Types of EU careers available
The EU welcomes applicants from all walks of life, so a career with the EU means working with a diverse and multicultural group of colleagues. For most posts at the EU, you need to speak at least 2 EU languages.
In the EU institutions you can work on the major issues that affect us all: climate change, migration, safety and security, trade, mobile communication, to name but a few. You can also pursue opportunities to work in EU agencies based across Europe and EU delegations around the world.
Working for the EU, you can pursue many different career options, depending on your background: audit, communication, economics/statistics, European public administration, external relations, finance, information technology, languages (translation or interpreting), law, and others.
How to apply for different types of employment
The EU employs permanent staff (civil servants), contract staff and temporary staff, and offers traineeships (internships). It maintains databases of experts in relevant fields.
Permanent staff (civil servants) are classed either as administrators (AD) or as assistants (AST).

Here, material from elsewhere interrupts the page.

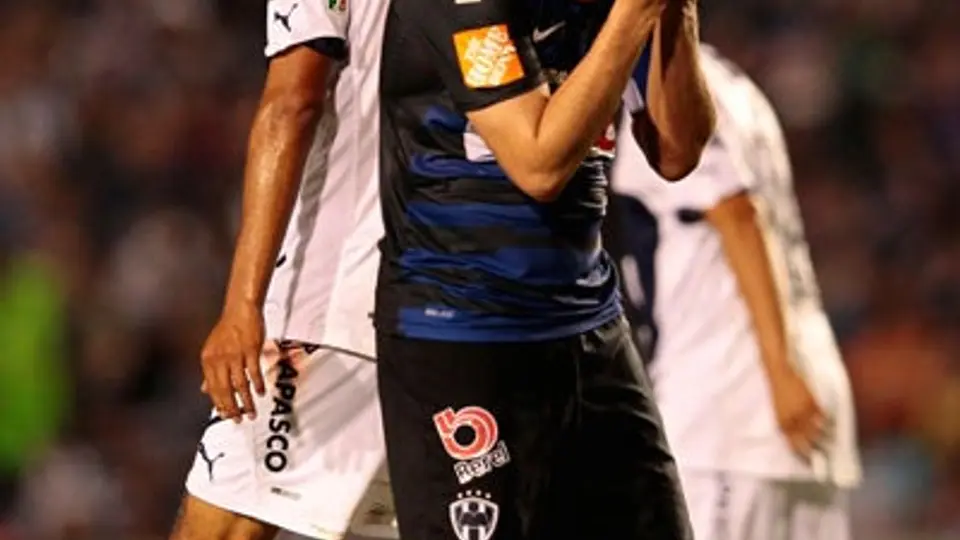 Luis Pérez dice que esperaban ganar ante Pumas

Administrators are typically involved in drafting policies, monitoring the implementation of EU law, conducting analyses and advising on specific fields. In general, to apply for an administrator competition, you must be a graduate and have successfully completed at least three years of university study.

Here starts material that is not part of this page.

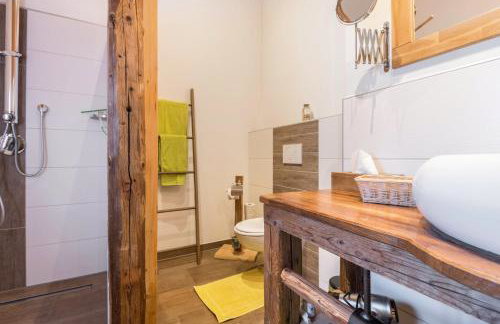 Ferienwohnung Stub´n - Photo 12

Assistants, who usually work in supporting roles, are crucial for the internal management of the institutions. In general, to apply for an assistant competition, you must have successfully completed at least secondary school.
Contract staff are hired for specific manual or administrative tasks. Contracts are generally for a limited period – usually starting with 6-12 months.
Temporary staff are recruited on contracts of up to 6 years, for specialised or temporary tasks.
Each year, around 1,900 young graduates have the opportunity to take part in the EU trainee (intern) programmes. Most EU institutions offer internships lasting between 3 and 5 months.
Seconded national experts are national or international civil servants or public sector employees working temporarily for an EU institution. Contact your country's permanent representation to the EU for information about current opportunities.
Some institutions also take on local interim staff for up to 6 months, mainly for secretarial work. Contact local temping agencies for information about recruitment.
The European Parliament, the European Commission and the Court of Justice of the European Union each have their own interpretation service, but there is a joint selection process for freelance interpreters. To become a freelance interpreter, you need to pass an accreditation test.
Besides translators, the EU institutions also need terminologists, language technology specialists, lawyer-linguists, editors, proofreaders and intercultural and language experts.
The EU institutions appoint external experts to help evaluate grant applications, projects and tenders, and to provide opinions and advice in specific cases. The EU maintains databases with the names and qualifications of independent experts who can assist the institutions and agencies in specific areas.
To find a job in a political group, contact one of the political parties represented in the European Parliament. These posts are not administered by the EU institutions.